Christiane Hörbiger ist als beste Schauspielerin für den Deutschen Fernsehpreis 2006 nominiert. Der Deutsche Fernsehpreis wird in 21 Kategorien am 20. Oktober in Köln verliehen.

Die ZDF-Krimireihe „Bella Block“ wurde mit zwei verschiedenen Filmen sechs Mal nominiert. Vier Nominierungen erhielt der Film „Die Frau des Teppichlegers“, zwei weitere der Krimi „Das Glück der anderen“. Ebenfalls mit vier Nominierungen in verschiedenen Kategorien können sich die Produktionen „Dresden“ (ZDF), „Die Nachrichten“ (ZDF) und „Meine verrückte türkische Hochzeit“ (ProSieben) Hoffnungen auf die Trophäe machen, wie das Ständige Sekretariat Deutscher Fernsehpreis am Donnerstag mitteilte. Die RTL-„Sturmflut“ ging leer aus.

In der Kategorie Bester Fernsehfilm konkurrieren ausnahmweise nicht drei, sondern gleich fünf Werke miteinander: „Dresden“, „Die Luftbrücke“ (Sat.1), „Der Mann im Strom“ (ARD), „Meine verrückte türkische Hochzeit“ und „Die Nachrichten“. Als beste Schauspielerin wurden neben Christiane Hörbiger Iris Berben („Silberhochzeit“, ARD) und Dagmar Manzel („Die Nachrichten“ und „Als der Fremde kam“, ARD) nominiert.
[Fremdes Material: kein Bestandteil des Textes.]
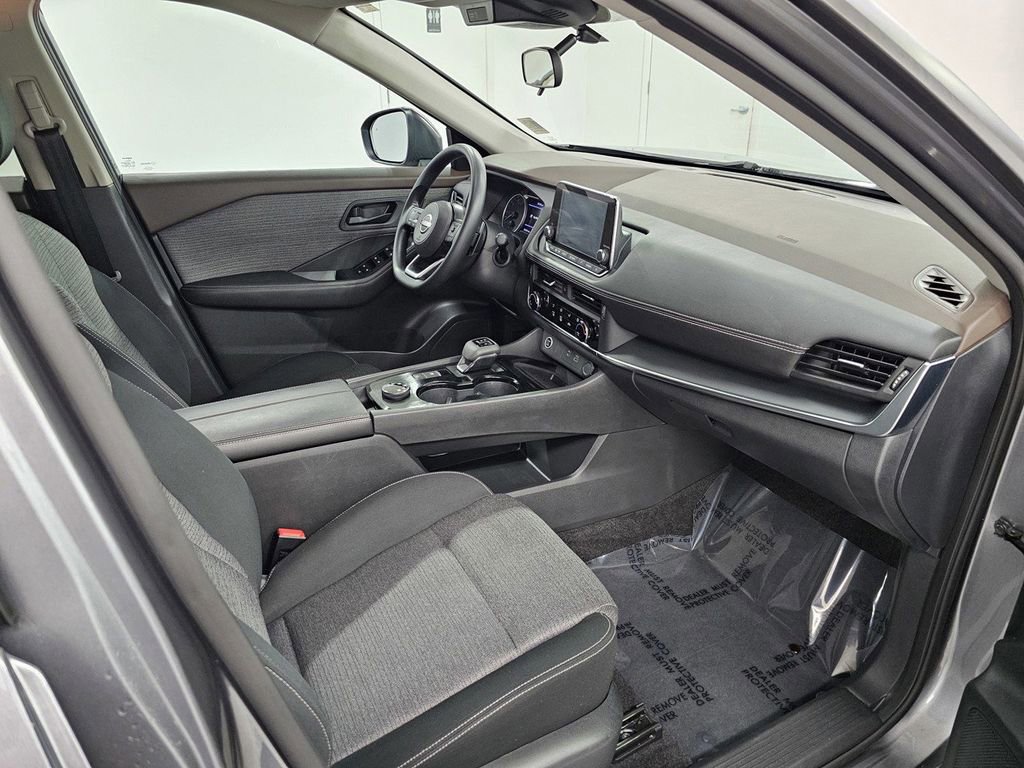 Used 2022 Nissan Rogue S AWD/4WD image 22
Bei den Männern konkurrieren Jan Fedder („Der Mann im Strom“, ARD), Herbert Knaup („Der Mörder meines Vaters“, ZDF) und Harald Schrott („Allein gegen die Angst“, ZDF) um die Auszeichnung.

„Wer das zurückliegende Fernsehjahr ausschließlich wegen seiner Events in Erinnerung behält, hat nur die Hälfte gesehen“, sagte die Juryvorsitzende Klaudia Wick. „Hinter den prächtig in Szene gesetzten „Leuchtturm“-Produktionen der Sender – von „Dresden“ bis zur Fußball- WM – musste sich der Programmalltag nicht verstecken: Die Jury fand auch hier viele herausragende Einzelleistungen, die sich mit den großen Produktionen durchaus messen können.“ In der Senderwertung setzte sich das ZDF mit 24 Einzelnominierungen vor die ARD (21), RTL (10), Sat.1 und ProSieben (je 5), die Dritten (2), 3sat und Premiere (je 1).
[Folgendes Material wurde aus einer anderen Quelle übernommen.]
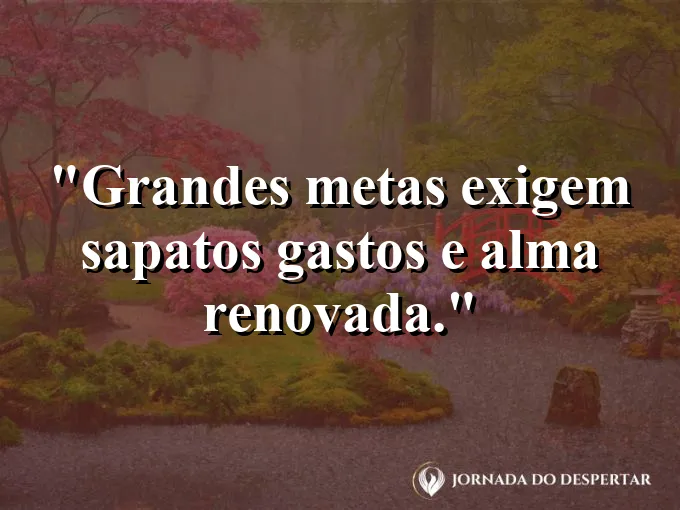 Botas de trilha em repouso diante de um nascer do sol épico.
Als beste Info-Moderatoren kommen aus der Sicht der Jury drei Frauen in Frage: Anne Will („Tagesthemen“, ARD), Kay-Sölve Richter („heute“ im Morgenmagazin, ZDF) und Susanne Kronzucker („RTL Nachtjournal“). Als beste Informationssendung wurden „Frontal 21“ (ZDF), „Monitor“ (ARD) und das „ZDF spezial: Krieg ohne Ende“ vom 24. Juli nominiert. Die beste Serie wird aus den Produktionen „Die Familienanwältin“ (RTL), „Freunde für immer – das Leben ist rund“ (Sat.1) und „Türkisch für Anfänger“ (ARD) ermittelt. In der Kategorie Beste Unterhaltungssendung nehmen es „Let’s Dance“ (RTL), „Scheibenwischer – die Gala“ (ARD) und „Wer wird Millionär? Promi- Special“ (RTL) miteinander auf.

Der Ehrenpreis der Stifter geht an den Ex-Intendanten des Westdeutschen Rundfunks (WDR), Friedrich Nowottny. Hinzu kommen zwei Nachwuchs-Förderpreise im Wert von jeweils 15©000 Euro. Der Deutsche Fernsehpreis wird seit 1999 verliehen. Die Gala findet wie immer im Kölner Coloneum statt und wird von der ARD um 20.15 Uhr übertragen. Moderator ist Jörg Pilawa. Ausnahmweise ist die Veranstaltung dieses Mal an einem Freitag – der Grund: An dem Tag hat Bundespräsident Horst Köhler Zeit, um die Laudatio auf Nowottny zu halten.